De Golpe Bajo Por Francisco Rocha García

El alcalde de Culiacán “no ata ni desata”

No está preparado para el cargo y llegó con las manos vacías

Trae presiones de locura por los inéditos socavones y baches

Y se le acabó la “piola de yerros” que le dejó Estrada Ferreiro

Ya no tiene Juan de Dios Gámez Mendívil como alcalde de Culiacán, el rosario de pendientes que le dejó Jesús Estrada Ferreiro y que le permitió lucirse en sus primeros días de mandato. Trae presiones de locura que no esperaba solo con los miles de baches que le generaron las lluvias y lo que está por venir es impredecible. La verdad es que “no ata ni desata”.

Por desgracia no trae ideas prácticas este muchacho y al parecer hurga en los expedientes de su antecesor para encontrar promesas incumplidas, que pudieran servirle como tabla de salvación, pero no hay nada.

Mientras, el abogado al que desbancó, gracias a la amistad que tiene con el poder, aseguran que tiene unas sonantes carcajadas y hasta que probablemente  le hizo trabajo de hechicería para que las precipitaciones pluviales, como aquellos que acostumbró la ex lideresa de los maestros mexicanos, Elba Esther Gordillo Morales.

Ello, por los inéditos socavones que como explosión en cadena reventaron en diferentes puntos del municipio y que exhibieron la falta capacidad del guamuchilense titular de la alcaldía culiacanense, cuyo cargo le cayó como el premio más grande de su vida sin comprar cachito.

Creyó que suplir al profesionista en derecho sin merecerlo, era muy fácil. Es cierto que el puesto que heredó fue en la comodidad de sus espacios. Algo que ni en sueños se imaginó obtener.

Pero gobernar, no es una ocurrencia.

La cruda realidad es que Juan de Dios Gámez Mendívil no ha resuelto nada. En primer lugar, no conoce la problemática de la capital de Sinaloa y carece de carrera política y pericia en la gobernanza.

Simplemente no estaba preparado ni lo estará para desempeñarse como edil de la plaza más importante de la entidad, en la que se asientan los poderes y se toman las decisiones vitales.

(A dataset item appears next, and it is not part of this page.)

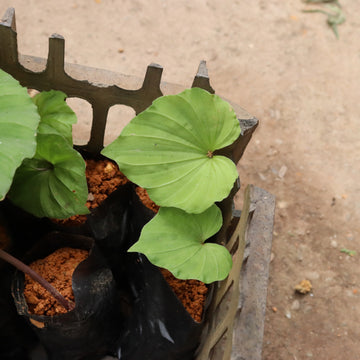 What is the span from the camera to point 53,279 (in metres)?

En segundo término, no registra en su tiempo de estancia, porque no es de labores, una obra pública que venga a solucionar rezagos de los ciudadanos que se cuentan por múltiples.

Tampoco sabe lo que es el Plan Municipal de Desarrollo, porque no lo elaboró ni fue candidato a la Presidencia Municipal que a través de la campaña acopian las necesidades más apremiantes de las comunidades rurales y los asentamientos urbanos.

No tiene nada y arribó con las manos vacías.

Y no hay mucho que esperar en un trienio que pudiera ser perdido para las familias que claman cambios y progreso.